Driving through the South Australian countryside I spotted a quince tree bowed down with fruit and decided to grab several of the bulbous, yellow orbs and make quince paste. Having never made quince paste before, but enjoyed it many times with cheese, I had little idea of the process involved and figured it couldn’t be that hard. After a bit of research I learned that the skill and technique required was minimal, however the time dedication was fairly excessive. The final result, although labor intensive, was and is delicious and if you are a fan of the sweet, ruby red jelly then this should definitely be on your to-do-list. I used four quinces, which has left me with enough quince paste to last a year and (if prepared correctly) will store for that long wrapped in cling film in the cupboard.
- 4 large quinces
- approx 1 kg (2.2 lb) sugar (total weight should be equal to cooked pulp)
- cheese platter and crackers to serve
To begin, wash, peel and core the quinces. Roughly chop and place in a heavy based saucepan. If you have some muslin cloth on hand, place the skins and core in the cloth and tie to form a bag. Place bag in saucepan. (I did not have any muslin, therefore did not use the skins and cores. It still turned out great.)
Cook, stirring over low heat until the sugar dissolves. Continue to cook over a low flame, stirring every 5-10 minutes until the paste is very thick and a deep, ruby red colour. At this stage a wooden spoon drawn through the paste will leave a distinct trail. This will take approximately 1 1/2 hours. Transfer the paste to a baking tray lined with greased baking paper and smooth out.

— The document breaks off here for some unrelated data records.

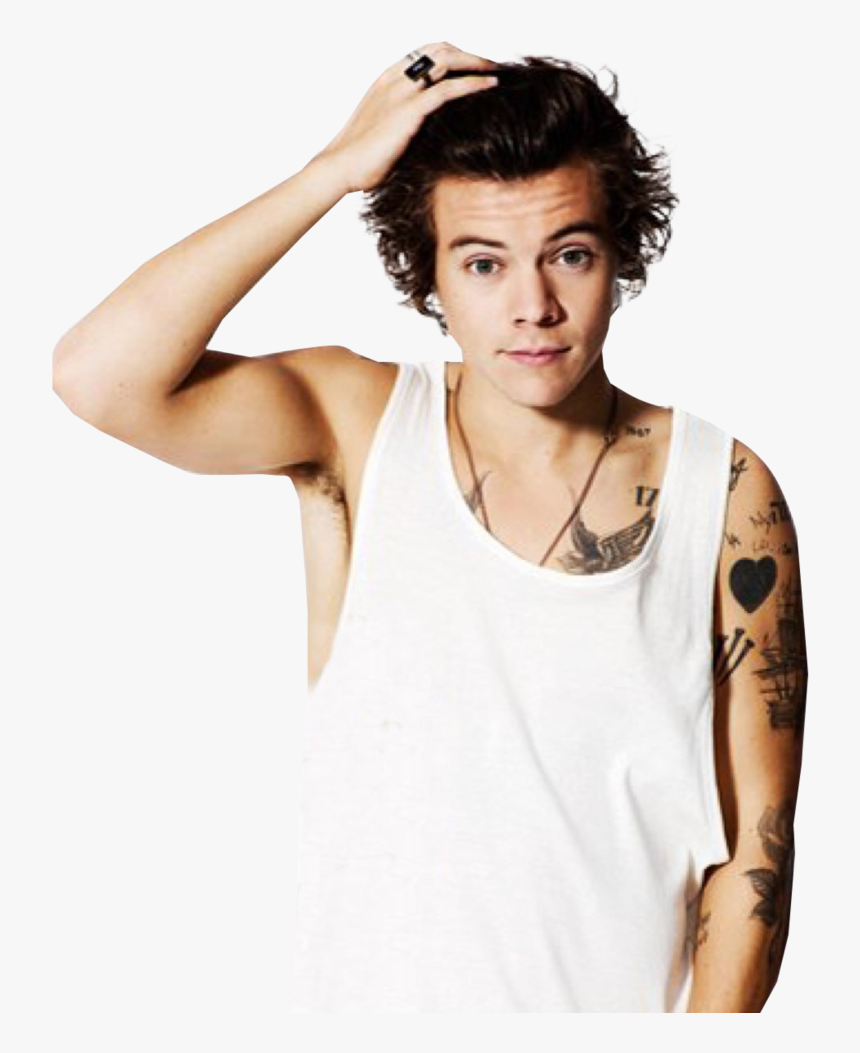 Harry Styles Png - Harry Styles No Background, Transparent Png, Free Download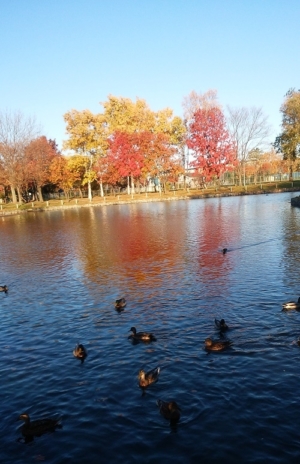 紅葉山公園の池にカモが泳いでいる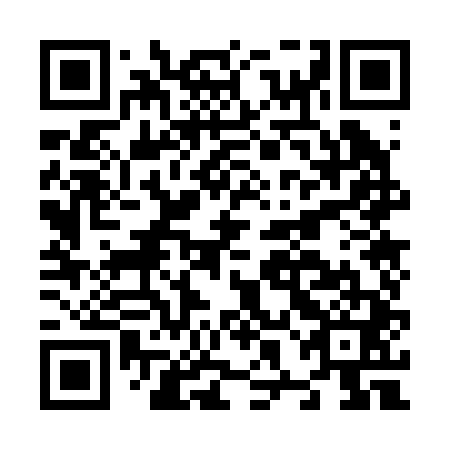 QR code for N8O 241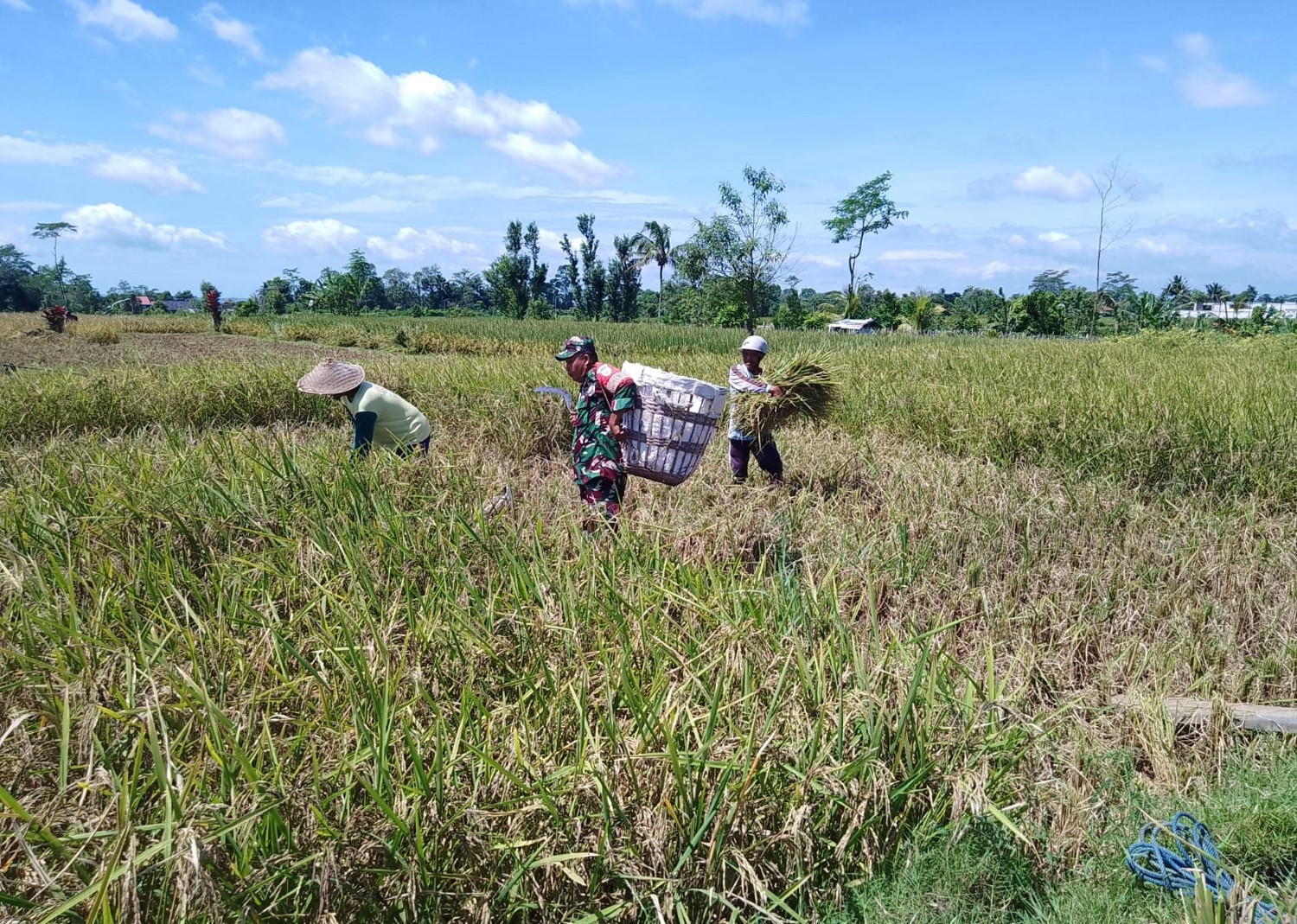 Dukung Swasembada Pangan Nasional, Babinsa Desa Slumbung Dampingi Petani Panen Padi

The next step is to dry out the paste, which will leave you with a firm, moisture free final product. You have several options to dry out the paste. If you have a fan forced oven you can turn the fan on with no temperature set and leave the paste in the oven over night. You could also set your oven to a low temperature, approximately 90°C (190°F) and leave the mixture in for several hours. Or leave in the sun for several hours, or an airing cabinet for a few days. Whichever method you choose the paste should be firm once cooled and not too moist or sticky. If you find it is still sticky, you can dry it for longer. Slice the dried quince paste into squares, wrap in cling film or baking paper and cling film and store in the fridge or cupboard until needed (it will last at least a year). Serve as an accompaniment to cheese on a platter or melt down and add to cakes and tarts.